John Kalawa, the softspoken grandson of a Limba king, tells me, “I will come to collect you at 5:00.” “Fine,” I say. I don’t know where we’re going; I know only that it will be an adventure. In Makeni, Sierra Leone, everything is an adventure.

As I get on the back of his motorbike, Kalawa tells me of a group of blind beggars he has formed into an association. We are going to meet them in their camp.

The blind are considered a scourge here. Few have jobs, and many beg from people who are poor themselves. The blind live in squalor and rely on their children to lead them around by the shoulder. The children of the blind are also treated as pariahs by the rest of society; they are thought to be filthy, ill-mannered, and uneducable.

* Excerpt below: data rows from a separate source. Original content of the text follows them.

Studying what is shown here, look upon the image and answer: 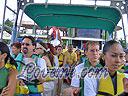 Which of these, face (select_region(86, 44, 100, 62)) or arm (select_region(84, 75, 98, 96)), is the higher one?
face (select_region(86, 44, 100, 62))

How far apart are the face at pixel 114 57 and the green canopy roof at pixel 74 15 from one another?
127 cm

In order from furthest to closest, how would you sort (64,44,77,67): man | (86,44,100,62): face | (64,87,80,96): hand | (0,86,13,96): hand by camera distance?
1. (64,44,77,67): man
2. (86,44,100,62): face
3. (0,86,13,96): hand
4. (64,87,80,96): hand

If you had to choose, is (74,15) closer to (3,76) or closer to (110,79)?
(3,76)

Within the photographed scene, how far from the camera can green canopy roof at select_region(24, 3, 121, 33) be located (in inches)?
191

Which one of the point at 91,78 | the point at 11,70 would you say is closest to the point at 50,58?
the point at 11,70

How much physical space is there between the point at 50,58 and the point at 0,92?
400 cm

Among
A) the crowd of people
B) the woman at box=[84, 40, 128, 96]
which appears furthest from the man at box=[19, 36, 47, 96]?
the woman at box=[84, 40, 128, 96]

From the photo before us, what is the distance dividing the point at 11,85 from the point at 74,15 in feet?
5.85

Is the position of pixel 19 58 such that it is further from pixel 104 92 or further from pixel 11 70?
pixel 104 92

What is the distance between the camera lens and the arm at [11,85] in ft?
13.0

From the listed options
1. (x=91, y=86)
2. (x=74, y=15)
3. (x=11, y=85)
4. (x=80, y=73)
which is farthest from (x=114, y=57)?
(x=74, y=15)

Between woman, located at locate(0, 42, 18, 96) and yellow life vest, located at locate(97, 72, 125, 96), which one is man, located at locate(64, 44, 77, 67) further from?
yellow life vest, located at locate(97, 72, 125, 96)

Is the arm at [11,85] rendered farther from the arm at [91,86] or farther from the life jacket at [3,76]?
the arm at [91,86]

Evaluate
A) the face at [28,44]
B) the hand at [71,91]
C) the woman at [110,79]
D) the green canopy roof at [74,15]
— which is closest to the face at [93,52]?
the green canopy roof at [74,15]
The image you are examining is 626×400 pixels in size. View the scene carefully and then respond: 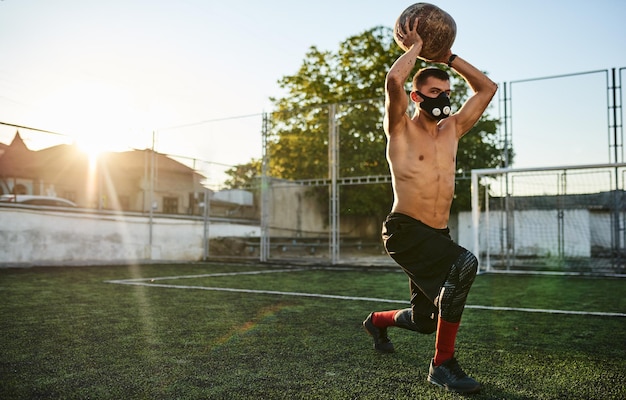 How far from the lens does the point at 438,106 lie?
126 inches

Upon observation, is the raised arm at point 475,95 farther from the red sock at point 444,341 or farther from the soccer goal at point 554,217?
the soccer goal at point 554,217

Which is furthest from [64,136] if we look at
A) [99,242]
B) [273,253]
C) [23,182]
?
[273,253]

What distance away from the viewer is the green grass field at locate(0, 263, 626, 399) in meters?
2.83

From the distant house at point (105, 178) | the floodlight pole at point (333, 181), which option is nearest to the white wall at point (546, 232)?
the floodlight pole at point (333, 181)

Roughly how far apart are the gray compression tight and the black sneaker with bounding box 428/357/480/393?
0.85 ft

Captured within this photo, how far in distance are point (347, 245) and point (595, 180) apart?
9312 mm

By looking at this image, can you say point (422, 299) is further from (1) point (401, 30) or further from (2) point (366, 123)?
(2) point (366, 123)

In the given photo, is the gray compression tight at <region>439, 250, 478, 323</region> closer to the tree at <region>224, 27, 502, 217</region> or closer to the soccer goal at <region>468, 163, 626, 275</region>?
the soccer goal at <region>468, 163, 626, 275</region>

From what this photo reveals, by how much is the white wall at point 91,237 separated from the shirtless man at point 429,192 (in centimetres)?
1132

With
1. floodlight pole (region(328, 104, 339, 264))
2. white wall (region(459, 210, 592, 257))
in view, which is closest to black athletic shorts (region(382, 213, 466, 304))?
floodlight pole (region(328, 104, 339, 264))

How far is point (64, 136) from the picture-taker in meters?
13.4

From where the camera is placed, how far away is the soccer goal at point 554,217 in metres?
12.0

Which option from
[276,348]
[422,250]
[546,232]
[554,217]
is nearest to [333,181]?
[554,217]

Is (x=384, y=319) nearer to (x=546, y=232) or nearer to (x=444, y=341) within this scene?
(x=444, y=341) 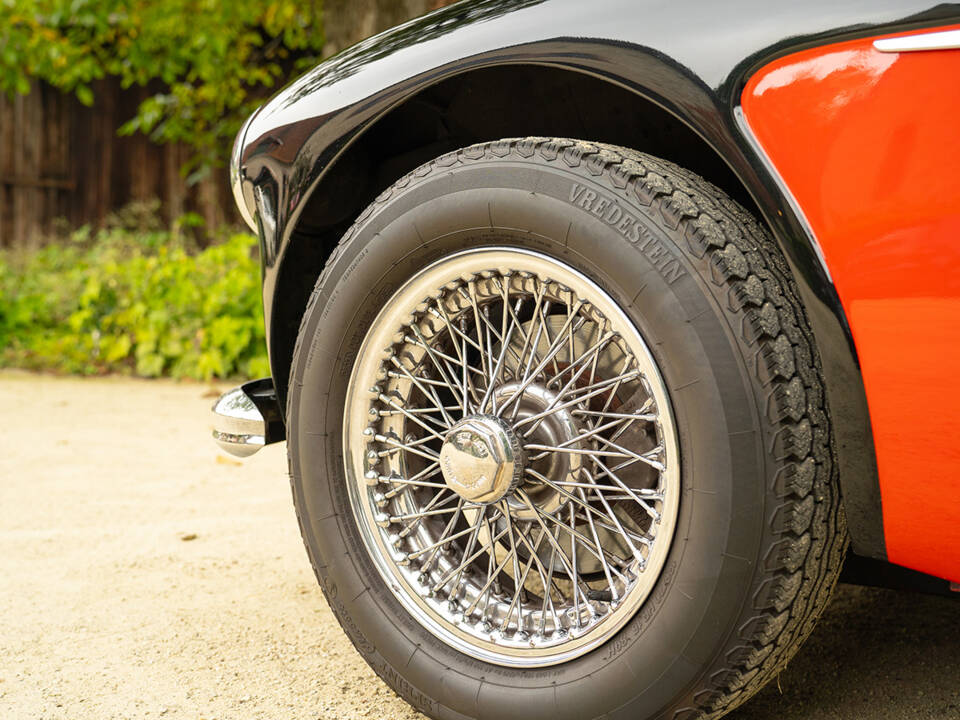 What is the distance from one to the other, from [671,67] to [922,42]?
0.34 m

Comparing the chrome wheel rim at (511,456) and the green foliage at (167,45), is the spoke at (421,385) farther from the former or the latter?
the green foliage at (167,45)

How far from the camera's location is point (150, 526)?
297 centimetres

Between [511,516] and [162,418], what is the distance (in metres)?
3.71

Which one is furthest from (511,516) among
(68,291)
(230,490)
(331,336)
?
(68,291)

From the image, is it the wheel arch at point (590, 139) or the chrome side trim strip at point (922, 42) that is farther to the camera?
the wheel arch at point (590, 139)

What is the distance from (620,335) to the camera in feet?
4.73

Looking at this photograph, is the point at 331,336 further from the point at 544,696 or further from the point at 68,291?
the point at 68,291

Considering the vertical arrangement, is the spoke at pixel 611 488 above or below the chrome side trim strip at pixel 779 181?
below

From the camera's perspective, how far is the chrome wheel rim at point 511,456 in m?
1.46

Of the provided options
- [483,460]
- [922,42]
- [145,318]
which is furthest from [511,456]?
[145,318]

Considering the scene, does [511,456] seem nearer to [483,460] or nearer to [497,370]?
[483,460]

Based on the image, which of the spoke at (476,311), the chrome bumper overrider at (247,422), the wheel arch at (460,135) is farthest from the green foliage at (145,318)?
the spoke at (476,311)

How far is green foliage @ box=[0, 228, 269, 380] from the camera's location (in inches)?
242

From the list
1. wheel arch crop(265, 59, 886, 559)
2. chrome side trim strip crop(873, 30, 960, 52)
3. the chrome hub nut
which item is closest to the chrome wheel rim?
the chrome hub nut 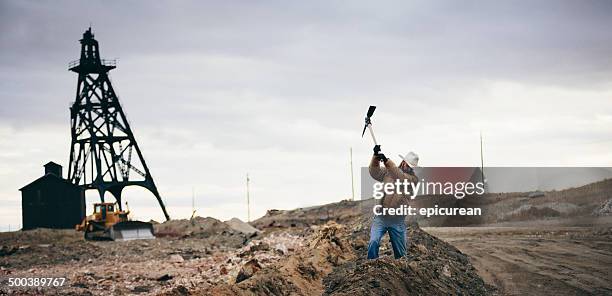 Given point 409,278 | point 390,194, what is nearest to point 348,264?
point 409,278

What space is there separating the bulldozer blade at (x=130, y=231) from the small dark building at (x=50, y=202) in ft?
35.6

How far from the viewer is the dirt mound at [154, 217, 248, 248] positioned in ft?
134

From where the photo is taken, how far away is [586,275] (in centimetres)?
1436

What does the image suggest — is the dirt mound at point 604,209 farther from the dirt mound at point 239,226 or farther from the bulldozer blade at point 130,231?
the bulldozer blade at point 130,231

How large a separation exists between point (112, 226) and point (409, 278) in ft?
100.0

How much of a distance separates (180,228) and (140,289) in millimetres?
32017

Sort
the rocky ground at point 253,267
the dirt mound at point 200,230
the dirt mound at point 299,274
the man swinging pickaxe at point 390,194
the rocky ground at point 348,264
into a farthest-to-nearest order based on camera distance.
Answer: the dirt mound at point 200,230 < the rocky ground at point 348,264 < the dirt mound at point 299,274 < the rocky ground at point 253,267 < the man swinging pickaxe at point 390,194

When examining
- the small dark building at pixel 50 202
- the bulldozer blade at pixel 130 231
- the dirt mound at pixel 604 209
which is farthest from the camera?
the small dark building at pixel 50 202

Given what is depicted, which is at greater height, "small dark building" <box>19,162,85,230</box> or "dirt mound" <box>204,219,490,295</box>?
"small dark building" <box>19,162,85,230</box>

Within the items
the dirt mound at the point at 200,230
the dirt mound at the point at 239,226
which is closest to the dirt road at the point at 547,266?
the dirt mound at the point at 200,230

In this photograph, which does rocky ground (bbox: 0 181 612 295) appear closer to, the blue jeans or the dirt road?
the dirt road

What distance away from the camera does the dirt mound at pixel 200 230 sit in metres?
40.9

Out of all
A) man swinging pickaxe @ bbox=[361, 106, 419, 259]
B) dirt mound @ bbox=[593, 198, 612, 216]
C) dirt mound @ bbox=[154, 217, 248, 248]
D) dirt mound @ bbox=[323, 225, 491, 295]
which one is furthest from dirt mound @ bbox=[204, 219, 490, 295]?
dirt mound @ bbox=[154, 217, 248, 248]

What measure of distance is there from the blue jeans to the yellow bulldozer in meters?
29.5
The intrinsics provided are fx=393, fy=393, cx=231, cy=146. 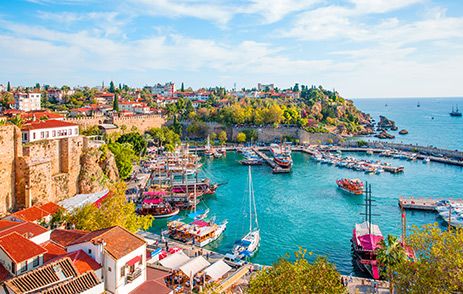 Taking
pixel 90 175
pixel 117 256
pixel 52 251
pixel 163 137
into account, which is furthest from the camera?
pixel 163 137

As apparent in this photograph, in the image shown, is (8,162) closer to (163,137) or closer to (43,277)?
(43,277)

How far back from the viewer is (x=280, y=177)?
1775 inches

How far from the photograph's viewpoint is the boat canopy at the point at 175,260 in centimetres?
1944

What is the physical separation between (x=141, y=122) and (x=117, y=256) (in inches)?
2139

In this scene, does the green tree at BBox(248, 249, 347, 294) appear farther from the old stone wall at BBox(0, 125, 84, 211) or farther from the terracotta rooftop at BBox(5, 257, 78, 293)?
the old stone wall at BBox(0, 125, 84, 211)

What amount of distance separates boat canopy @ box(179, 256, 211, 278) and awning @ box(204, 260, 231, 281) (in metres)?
0.58

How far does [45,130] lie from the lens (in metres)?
30.0

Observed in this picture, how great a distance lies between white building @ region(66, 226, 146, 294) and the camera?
494 inches

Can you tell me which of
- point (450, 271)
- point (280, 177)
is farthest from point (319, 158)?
point (450, 271)

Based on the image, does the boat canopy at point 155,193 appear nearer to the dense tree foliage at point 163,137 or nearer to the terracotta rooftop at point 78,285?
the terracotta rooftop at point 78,285

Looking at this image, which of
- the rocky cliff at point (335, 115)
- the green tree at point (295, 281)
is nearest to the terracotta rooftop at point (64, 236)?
the green tree at point (295, 281)

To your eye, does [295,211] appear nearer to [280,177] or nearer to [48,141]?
[280,177]

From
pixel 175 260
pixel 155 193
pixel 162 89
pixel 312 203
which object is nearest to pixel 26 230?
pixel 175 260

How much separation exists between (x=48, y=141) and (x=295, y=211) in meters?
19.1
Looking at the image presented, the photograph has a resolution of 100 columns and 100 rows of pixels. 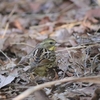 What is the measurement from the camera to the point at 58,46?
161 inches

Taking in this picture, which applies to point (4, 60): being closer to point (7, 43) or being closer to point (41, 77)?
point (7, 43)

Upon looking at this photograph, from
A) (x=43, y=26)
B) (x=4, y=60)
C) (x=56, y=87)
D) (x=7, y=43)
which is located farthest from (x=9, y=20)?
(x=56, y=87)

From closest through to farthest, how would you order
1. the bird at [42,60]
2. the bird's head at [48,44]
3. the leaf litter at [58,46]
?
the leaf litter at [58,46], the bird at [42,60], the bird's head at [48,44]

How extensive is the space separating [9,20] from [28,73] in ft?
9.80

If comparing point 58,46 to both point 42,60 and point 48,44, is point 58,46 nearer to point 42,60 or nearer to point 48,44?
point 48,44

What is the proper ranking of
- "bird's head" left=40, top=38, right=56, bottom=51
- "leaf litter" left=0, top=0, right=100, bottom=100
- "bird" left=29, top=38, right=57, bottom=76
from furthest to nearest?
"bird's head" left=40, top=38, right=56, bottom=51
"bird" left=29, top=38, right=57, bottom=76
"leaf litter" left=0, top=0, right=100, bottom=100

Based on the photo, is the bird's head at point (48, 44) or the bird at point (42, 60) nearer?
the bird at point (42, 60)

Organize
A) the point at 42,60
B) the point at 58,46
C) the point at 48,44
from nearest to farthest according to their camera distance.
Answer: the point at 42,60 → the point at 48,44 → the point at 58,46

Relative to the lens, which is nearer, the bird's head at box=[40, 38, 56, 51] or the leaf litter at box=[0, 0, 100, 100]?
the leaf litter at box=[0, 0, 100, 100]

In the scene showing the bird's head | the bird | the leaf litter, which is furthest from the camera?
the bird's head

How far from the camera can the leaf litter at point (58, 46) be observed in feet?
9.32

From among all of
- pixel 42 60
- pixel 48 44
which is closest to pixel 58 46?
pixel 48 44

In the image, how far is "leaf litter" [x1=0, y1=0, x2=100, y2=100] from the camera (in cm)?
284

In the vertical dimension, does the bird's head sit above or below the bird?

John Kalawa is shepherd to the blind. During Sierra Leone’s civil war (1991–2001), he worked at a parish house. One day the priest there told the rest of the staff that he was taking them with him on a pastoral visit, and left Kalawa in charge of the house. They never returned. One day a knock came at the door. Many of the blind in the neighborhood had come looking for a meal. So Kalawa fed them. They returned the following afternoon for their meal, but the food was gone. “Come back tomorrow,” Kalawa told them.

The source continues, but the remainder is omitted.